Per i gestori di infrastrutture e le utility, numeri solidi su quanti veicoli elettrici circoleranno e dove si ricaricheranno sono fondamentali per evitare due errori tipici: sovrainvestire in colonnine dove non c’è ancora domanda, oppure arrivare tardi in aree dove il parco cresce rapidamente. Un conto è mettere qualche presa “vetrina” davanti al municipio, un altro è programmare una rete capillare capace di reggere davvero il traffico quotidiano di auto, furgoni e flotte aziendali elettriche.
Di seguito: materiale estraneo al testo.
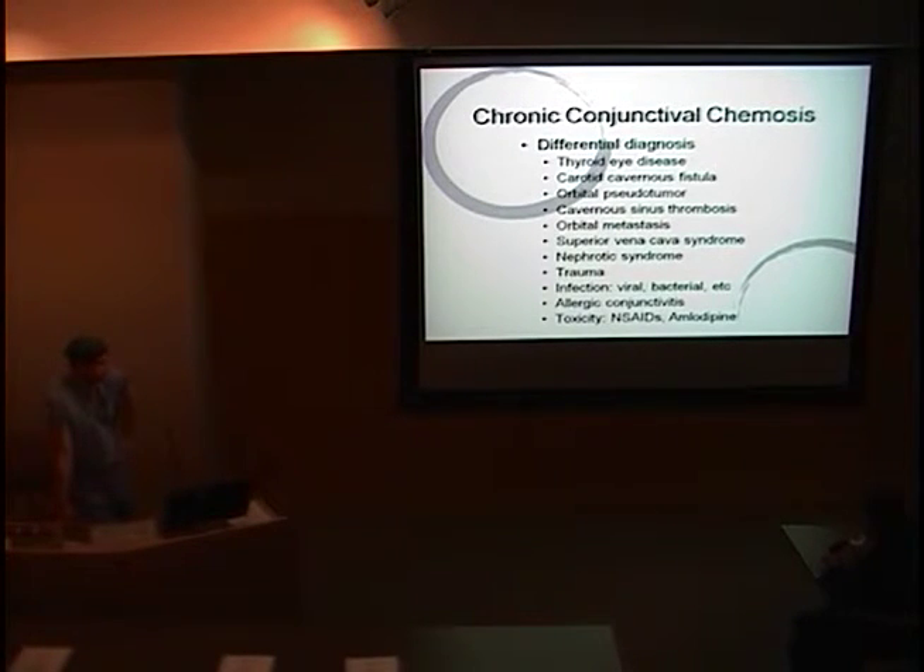We also wanted to think about the zebras. The differential is pretty thorough — thyroid eye disease would be a consideration. Any kind of orbital process, either venous congestion or mass, including carotid cavernous fistula, orbital pseudotumor, cavernous sinus thrombosis, orbital metastasis, superior vena cava syndrome, and nephrotic syndrome. All those would be on your differential, though they wouldn't necessarily be at the top.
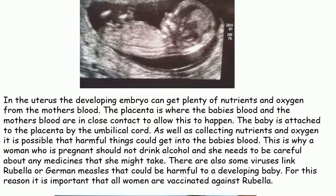As well as collecting nutrients and oxygen, it is possible that harmful things could get into the baby's blood. This is why a woman who is pregnant should not drink alcohol, and she needs to be careful about any medicines that she might take. There are also some viruses like rubella or German measles that could be harmful to a developing baby. For this reason, it is important that all women are vaccinated against rubella.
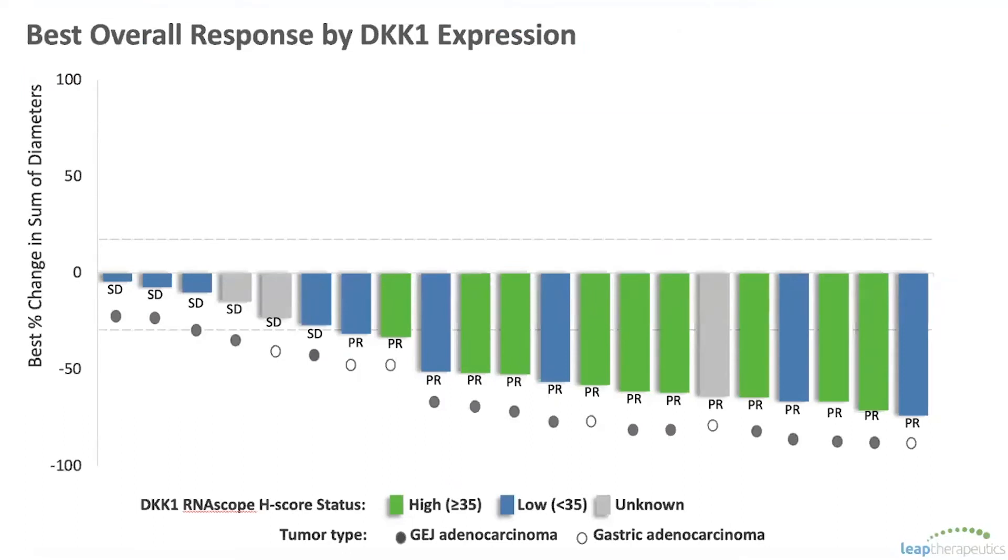Here I'm showing all evaluable patients on the study — those who received a scan and at least two doses of DKN-01 as part of a first cycle of therapy. As you can see, every single patient in this population had a reduction of their tumor. Further, when we looked at patients by their DKK1 status, it was clear that those patients with high DKK1, shown in green, are more towards the right side of this waterfall with improved responses — partial responses and more substantial tumor reductions.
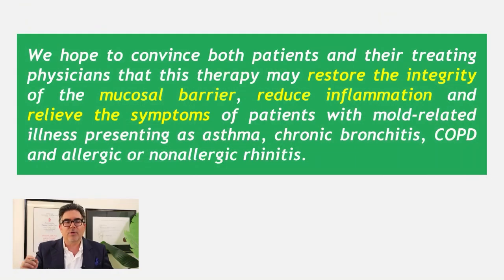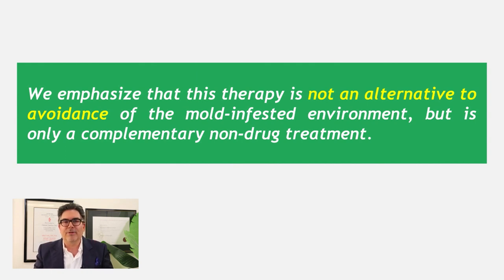The academics who wrote this publication concluded: 'We hope to convince both patients and their treating physicians that salt therapy may restore the integrity of the mucosal barrier, reduce inflammation, and relieve the symptoms of patients with mould related illness presenting as asthma, chronic bronchitis, COPD, and allergic and non-allergic rhinitis.'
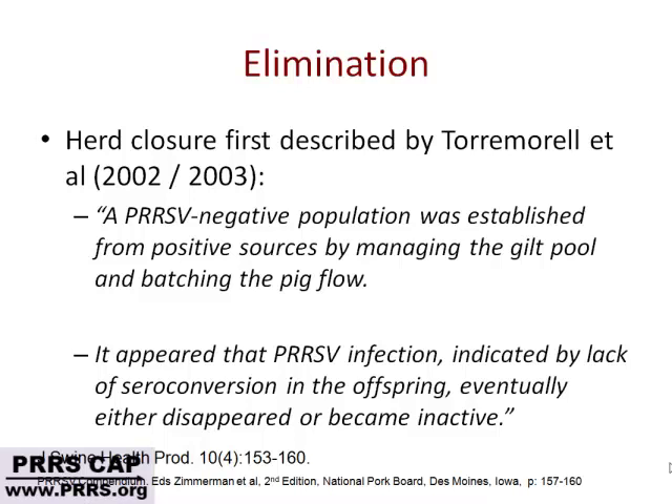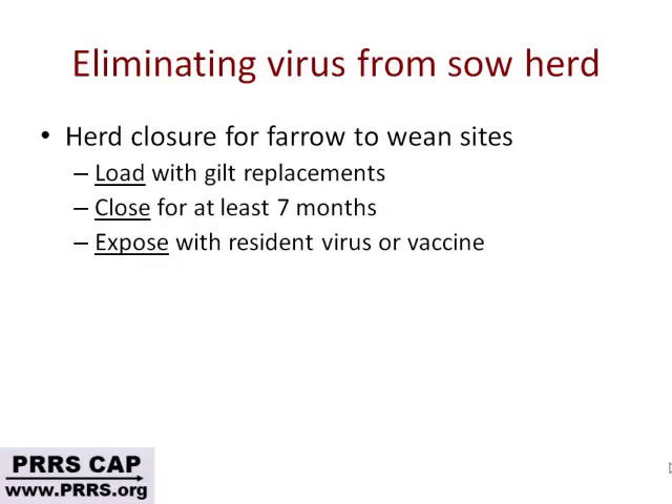The herd closure program was first described just 10 years ago — a great finding. It was the realization that a PRRS-negative population can be established from positive sources by managing the gilt pool and pig flow. That was a breakthrough — a hallelujah moment when we realized we can eliminate PRRS virus from breeding herds without depopulation. In essence, herd closure means you're going to stop putting kindling on the fire — not introduce gilts for a while. Before you do that, you bring in as many gilts as possible.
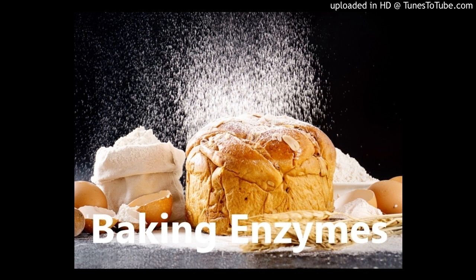Baking enzymes are indispensable in bread baking. They convert the flour starch into sugars that can be used by the yeasts, and break down gluten proteins and mucilage. The salt yeast process makes use of the effect of yeast's own enzymes.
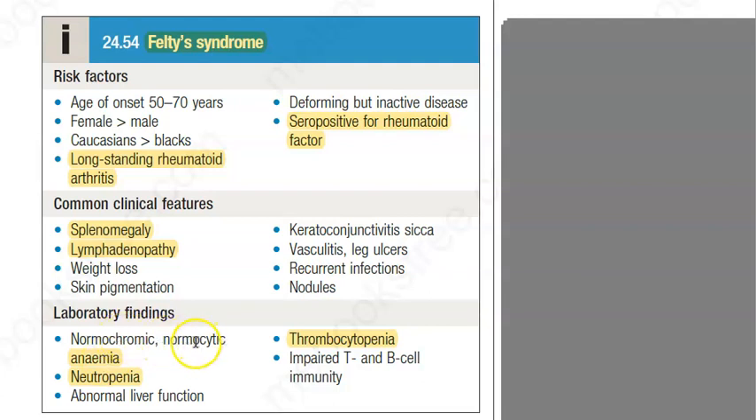The anemia is normochromic normocytic, meaning the RBCs are fine in color and in size. They will also have neutropenia — that is, polymorphonuclear cells will be less — and thrombocytopenia, meaning less platelets as well.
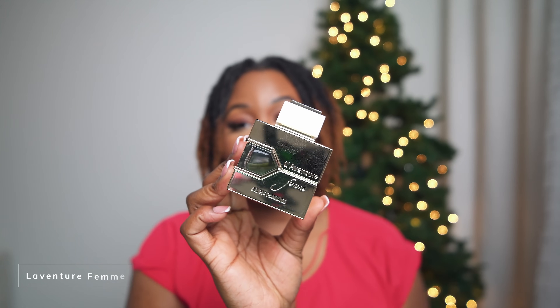This next fragrance is one that I personally made go viral. When my video hit over 1 million views, I consider that viral. When I talked about this fragrance, it instantly sold out on Amazon. Amazon reached out and told me when it would be back in stock. All I said was: if you don't want to spend $400 on Creed Aventus for Her, get this one instead. The girls sold it out. It's La Aventure Femme.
Come questi scenari cambiano le scelte di chi oggi deve comprare un’auto nuova
Chi oggi sta decidendo se prendere benzina, ibrida o elettrica spesso ragiona solo sull’oggi: prezzo d’acquisto, autonomia, colonnine vicino a casa. Gli scenari al 2035 aggiungono un pezzo in più al puzzle: sapere che il parco elettrico è destinato a crescere e che l’infrastruttura seguirà rende meno “azzardata” la scelta di passare a un BEV o a un PHEV, specie per chi tiene l’auto diversi anni. Se l’elettrico diventa standard, il rischio di avere in mano un’auto difficilmente rivendibile potrebbe spostarsi proprio sui modelli esclusivamente termici.
Per orientarsi in modo più concreto, può essere utile confrontare non solo il prezzo di listino ma anche i costi d’uso nel lungo periodo, considerando carburante, manutenzione e possibili restrizioni future alla circolazione nelle città. Un primo passo è valutare vantaggi dell’auto elettrica rispetto ad altre alimentazioni in base ai propri chilometri annui, ai percorsi tipici e alla possibilità di ricaricare a casa o in azienda.
Per un automobilista privato che percorre soprattutto tragitti casa‑lavoro urbani o periurbani e dispone di posto auto, gli scenari di crescita dell’elettrico e delle colonnine significano una cosa semplice: tra qualche anno sarà più facile trovare infrastruttura e più normale possedere un’auto a batteria. Per un professionista o un’azienda con flotte, queste proiezioni diventano un input per i piani di rinnovo: se si sa che nel 2030‑2035 buona parte delle zone urbane sarà di fatto “terra di caccia” per veicoli a basse o zero emissioni, ha senso iniziare ora a inserire una quota crescente di elettrici in flotta, testare le logiche di ricarica e formare gli utenti.